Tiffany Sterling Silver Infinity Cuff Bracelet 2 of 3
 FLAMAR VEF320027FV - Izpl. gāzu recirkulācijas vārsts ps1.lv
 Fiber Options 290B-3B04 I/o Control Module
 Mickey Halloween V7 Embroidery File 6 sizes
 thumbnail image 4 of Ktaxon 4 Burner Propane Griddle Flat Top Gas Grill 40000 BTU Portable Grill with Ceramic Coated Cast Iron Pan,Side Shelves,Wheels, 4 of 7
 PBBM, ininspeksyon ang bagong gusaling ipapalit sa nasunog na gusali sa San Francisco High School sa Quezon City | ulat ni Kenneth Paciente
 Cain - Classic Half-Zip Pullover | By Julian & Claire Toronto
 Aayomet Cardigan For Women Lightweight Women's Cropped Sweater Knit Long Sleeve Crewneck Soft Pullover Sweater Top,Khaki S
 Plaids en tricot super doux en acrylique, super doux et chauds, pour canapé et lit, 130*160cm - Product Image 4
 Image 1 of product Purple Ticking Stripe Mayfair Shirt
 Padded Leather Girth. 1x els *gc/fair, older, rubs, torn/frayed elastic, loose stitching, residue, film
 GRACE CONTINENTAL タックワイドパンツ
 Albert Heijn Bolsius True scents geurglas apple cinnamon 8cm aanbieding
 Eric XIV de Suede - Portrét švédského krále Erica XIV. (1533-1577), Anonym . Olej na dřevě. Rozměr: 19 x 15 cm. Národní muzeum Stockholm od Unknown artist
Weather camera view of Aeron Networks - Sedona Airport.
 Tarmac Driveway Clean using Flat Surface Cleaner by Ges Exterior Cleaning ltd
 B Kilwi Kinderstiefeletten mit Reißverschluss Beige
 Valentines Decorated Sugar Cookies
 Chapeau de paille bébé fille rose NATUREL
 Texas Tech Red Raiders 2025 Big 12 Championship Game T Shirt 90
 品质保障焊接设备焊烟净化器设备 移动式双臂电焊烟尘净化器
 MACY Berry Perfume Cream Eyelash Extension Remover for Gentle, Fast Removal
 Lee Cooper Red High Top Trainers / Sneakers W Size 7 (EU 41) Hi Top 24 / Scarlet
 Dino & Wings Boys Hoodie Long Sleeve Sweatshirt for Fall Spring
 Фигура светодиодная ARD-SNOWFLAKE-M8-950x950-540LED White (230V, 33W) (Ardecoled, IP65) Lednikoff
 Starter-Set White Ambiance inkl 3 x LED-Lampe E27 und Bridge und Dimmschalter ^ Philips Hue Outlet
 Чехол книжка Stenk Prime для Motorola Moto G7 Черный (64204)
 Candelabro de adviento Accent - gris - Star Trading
____________________
The task> Look through the listing and extract every line with "High" in it.

Exercise solution>
 PBBM, ininspeksyon ang bagong gusaling ipapalit sa nasunog na gusali sa San Francisco High School sa Quezon City | ulat ni Kenneth Paciente
 Lee Cooper Red High Top Trainers / Sneakers W Size 7 (EU 41) Hi Top 24 / Scarlet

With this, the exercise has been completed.